The argument goes that when there is a pervasive expectation across society that everyone is engaging in corruption, most citizens will be inclined to swim with the tide rather than perhaps find they are struggling against it alone. So if anticorruption messages give people the perception that corruption is more widespread than they would have otherwise thought, the messages may actually be reducing their willingness to fight it rather than firing them up to confront its perpetrators.
Little research has so far been done to test this notion, but there is already some worrying evidence. For example, in a recent DLP paper, my co-author Linda Alvarez and I do indeed find that when people think that corruption is becoming a growing problem, they tend to be less willing to report it, protest against it or join civic anticorruption organisations.

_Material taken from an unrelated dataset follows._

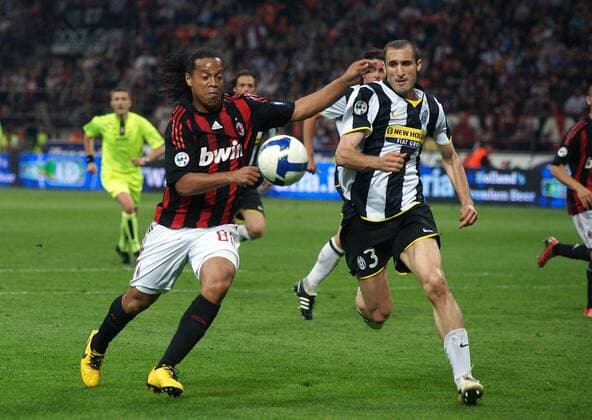 Ronaldinho (AC Mailand, li.) gegen Giorgio Chiellini (Juventus Turin) - Fußball Herren Serie A 2008 2009, 1. Italienische Liga, Milan - Juve 1:1 Gruppe Mailand Dynamik,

The new study will test what impact different awareness-raising messages might be having, using a survey-experiment. Working with the Regional Economic Development Institute in Jakarta, we will recruit 1,000 survey participants who will be randomly assigned to five groups. Each group will be asked to read one anticorruption awareness-raising message (except for the control group, which will not read any message). There are four messages:
- how and where to report corruption;
- recent achievements by the government in controlling corruption;
- recent high-profile corruption scandals;
- details about the prevalence of corruption at the local level.
After reading their message, all respondents will then answer the same questions about their perceptions of corruption, and their willingness to report or otherwise fight corruption.
The data will be scrutinised to see whether and how different messages provoked different reactions in the follow-up survey questions. The hope is that this research will begin to answer two questions: Do certain messages heighten worries about corruption, while others ease them? And do some messages ignite the activist spirit, while others dim it?
One thing is certain, however. As corruption awareness-raising programmes proliferate, we urgently need to know whether anticorruption messages are provoking much more serious unintended consequences than a little accidental PR for a mobile phone company.